Protests, Assassinations And Political Change: The U.S. Is Still Haunted By 1968

Many of today’s ideological divides have their roots in this turbulent year.

By Joy DiazApril 6, 2018 1:28 pm,

The year 1968 – 50 years ago – was momentous in American history. Assassination, war, protests, political change, and groundbreaking entertainment all occupied TV screens and newspaper front pages.

Paul Stekler lived though 1968, and has thought a lot about it. He is a professor in the department of Radio, Television and Film at the University of Texas at Austin. He says the assassination of Martin Luther King Jr., which has been widely commemorated this week, is among the most important events of that year.

“There is a reason why there are so many of these remembrances on television and in editorials,” he says. “Because it was a really dynamic time. But he also left a big legacy.”

Of course, King was not the only leader assassinated in 1968. A few days later, presidential candidate Robert F. Kennedy, who had eulogized King, was killed.

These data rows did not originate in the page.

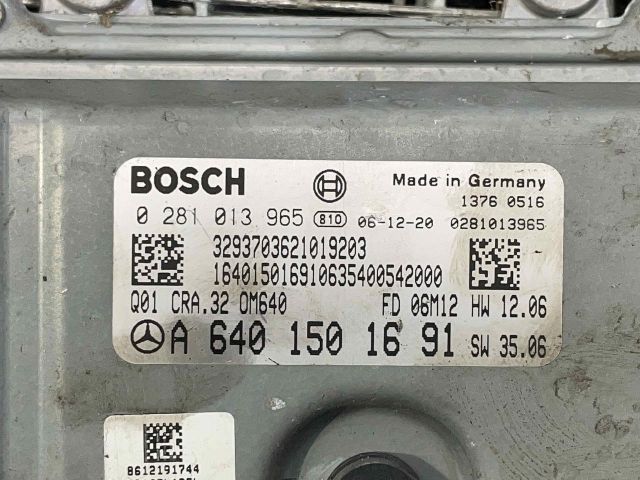 bontott MERCEDES-BENZ B-CLASS Motorvezérlő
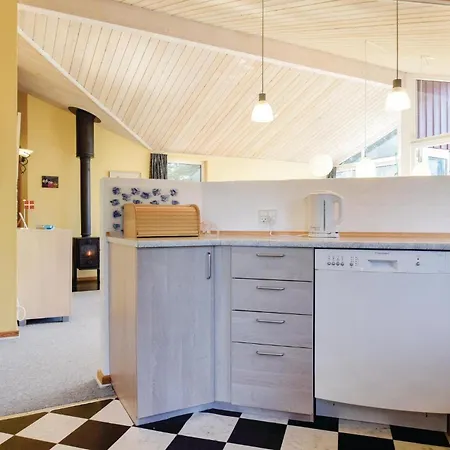 Three-bedroom In * Nordenbro Vesteregn
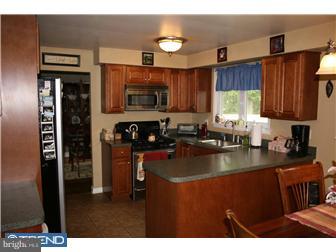1039 Valley Road Warminster, PA 18974 - Photo 4 of 10 Gallery Image 4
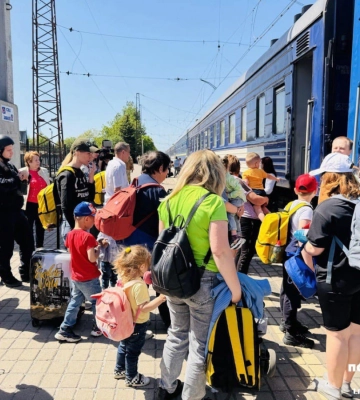 Сподіваються перепочити від ракетних атак: на Волинь прибув евакуаційний потяг з Донеччини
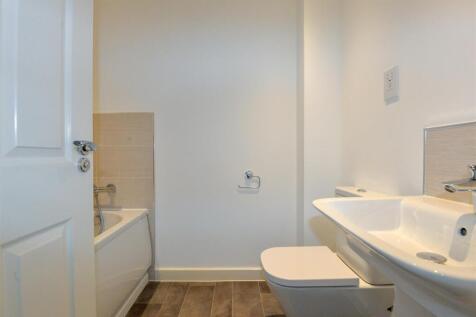 Bathroom 1.jpg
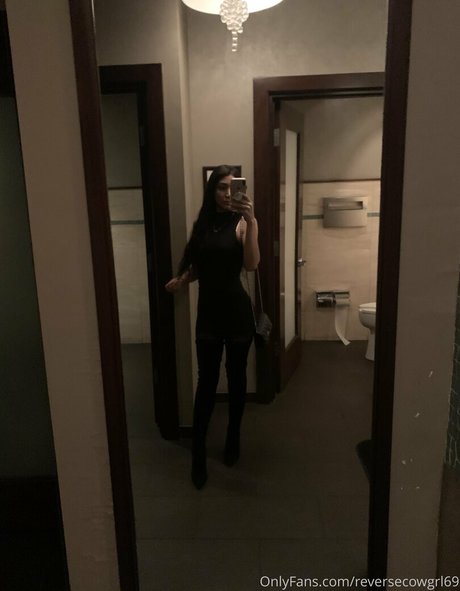 reversecowgrl69 star sex photo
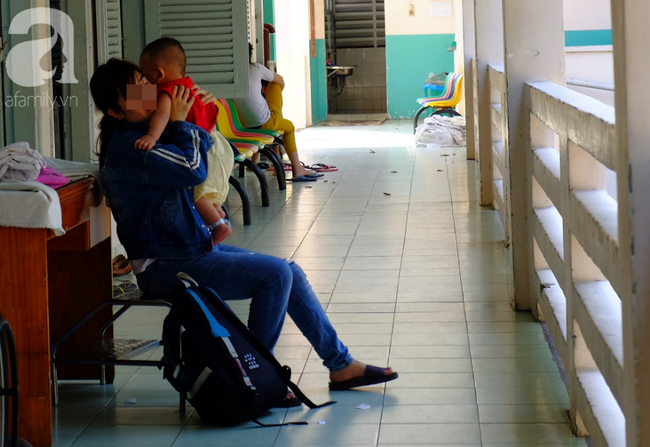 Nhiều bà mẹ hốt hoảng, lo sợ con mắc bệnh truyền nhiễm vì vắc-xin 5 trong 1 ở TP.HCM đồng loạt hết sạch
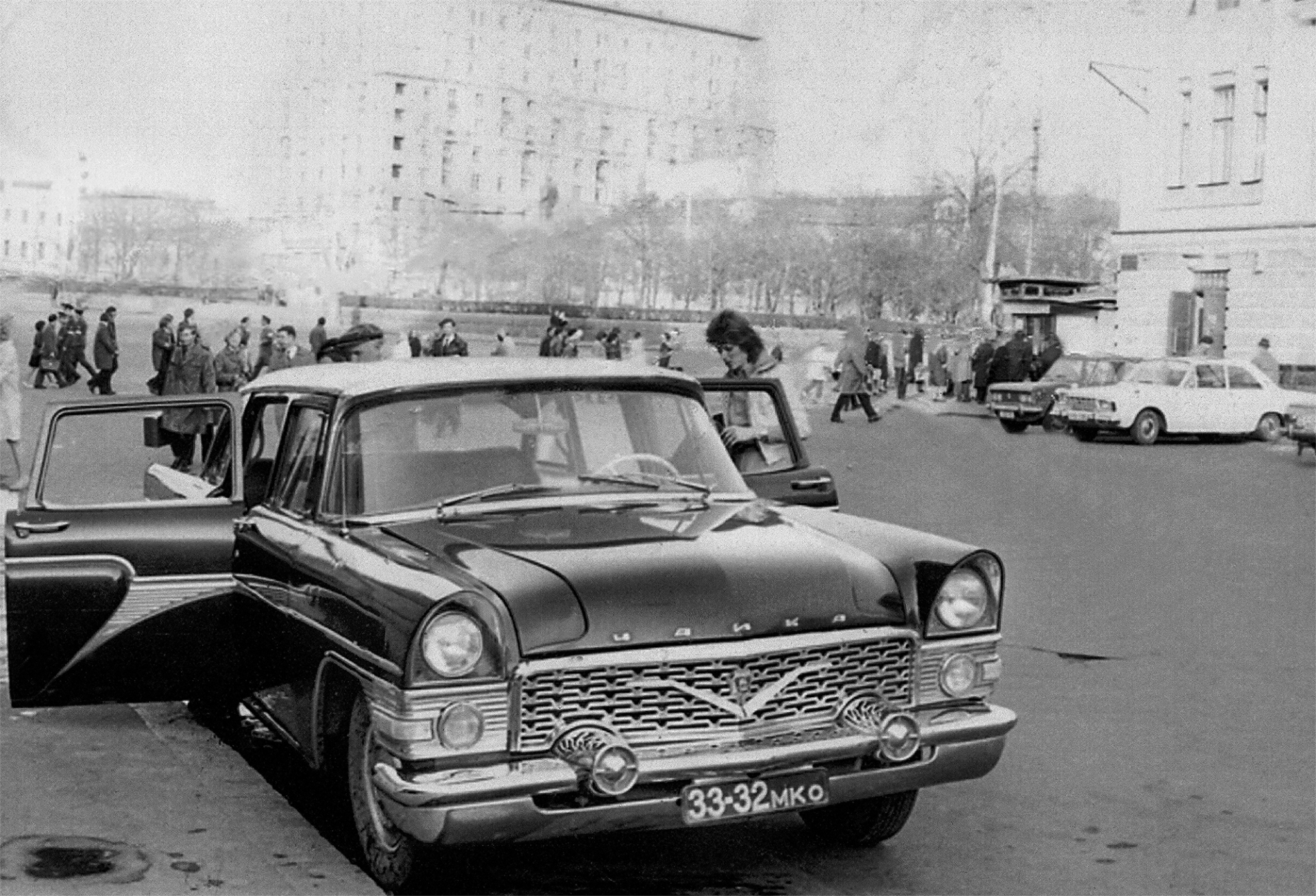 Ο David Bowie μπαίνοντας σε ένα αυτοκίνητο στους δρόμους της Μόσχας, 1973  © GM Collection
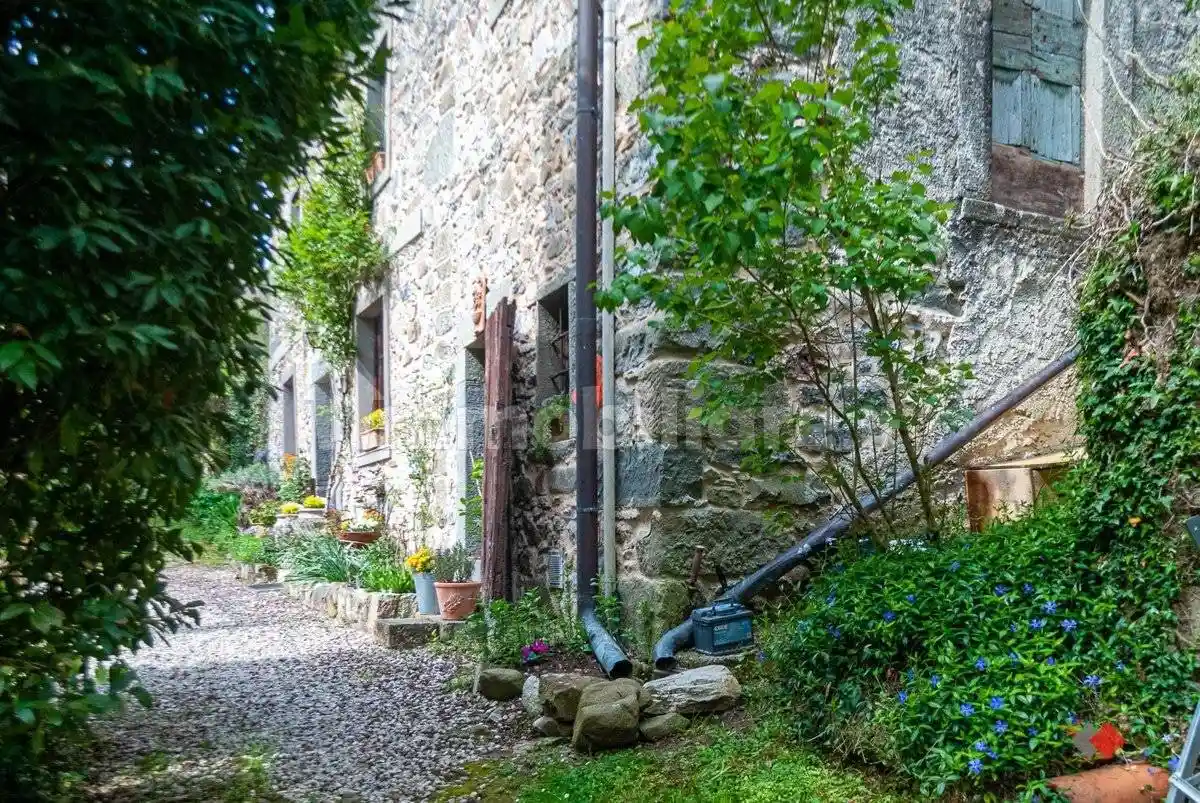 Casa indipendente in vendita a Camporgiano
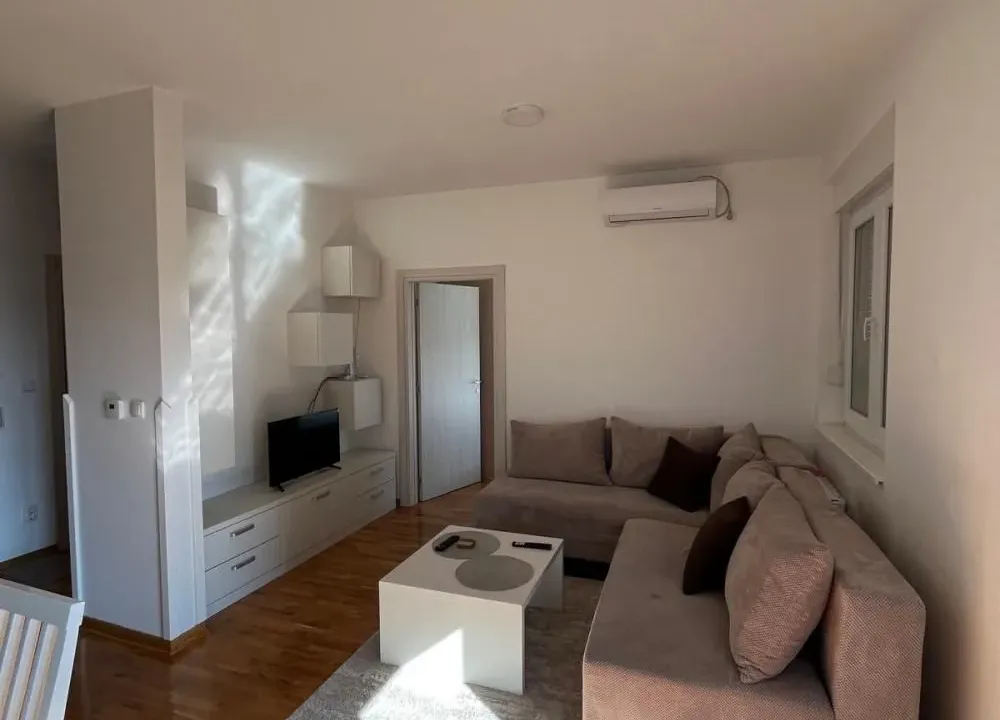 Izdavanje, jednosoban stan, 36m², Zvezdara Sve Podlokacije, Beograd
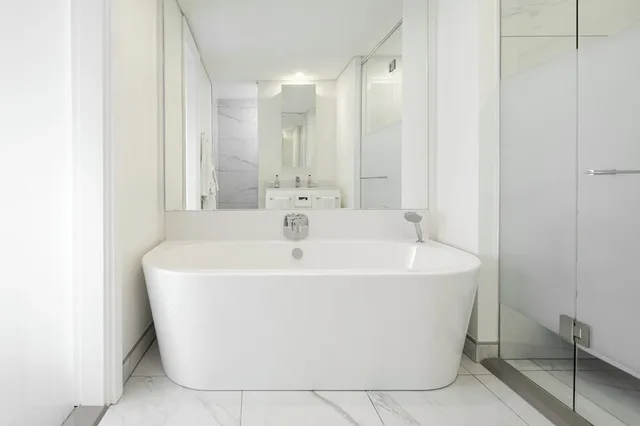 2 Bedrooms, Grand, Apartment, King Bed, The Leonardo 9/10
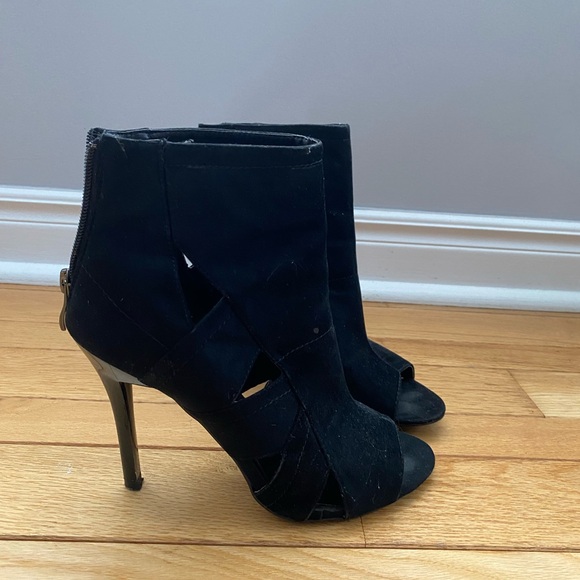 Open Toe Healed Boot - Picture 4 of 5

Stekler says “the country just stopped.” He remembers scenes of people gathered along train tracks as a train carrying Kennedy’s casket passed.

The Olympic Games were held in Mexico City that summer, and most people remember them for the protests by two American athletes who raised their fists while standing atop the medal podium.

“One of the things we don’t remember,” Stekler says. “Is that two weeks beforehand, the Mexican government brutally suppressed student demonstrations, firing into a crowd of thousands of people. And we’ve never really figured out how many people died, how many people were arrested and disappeared.”

Protests toppled Charles de Gaulle, the post-World War II hero of France, and marred the Democratic Convention in the U.S.

Political upheaval extended to the kinds of leaders seeking office, and changed many people’s ideas of what political parties were.

“Today we have parties that are fairly consistently ideological,” Stekler says. “This is a legacy, quite frankly, of 1968.”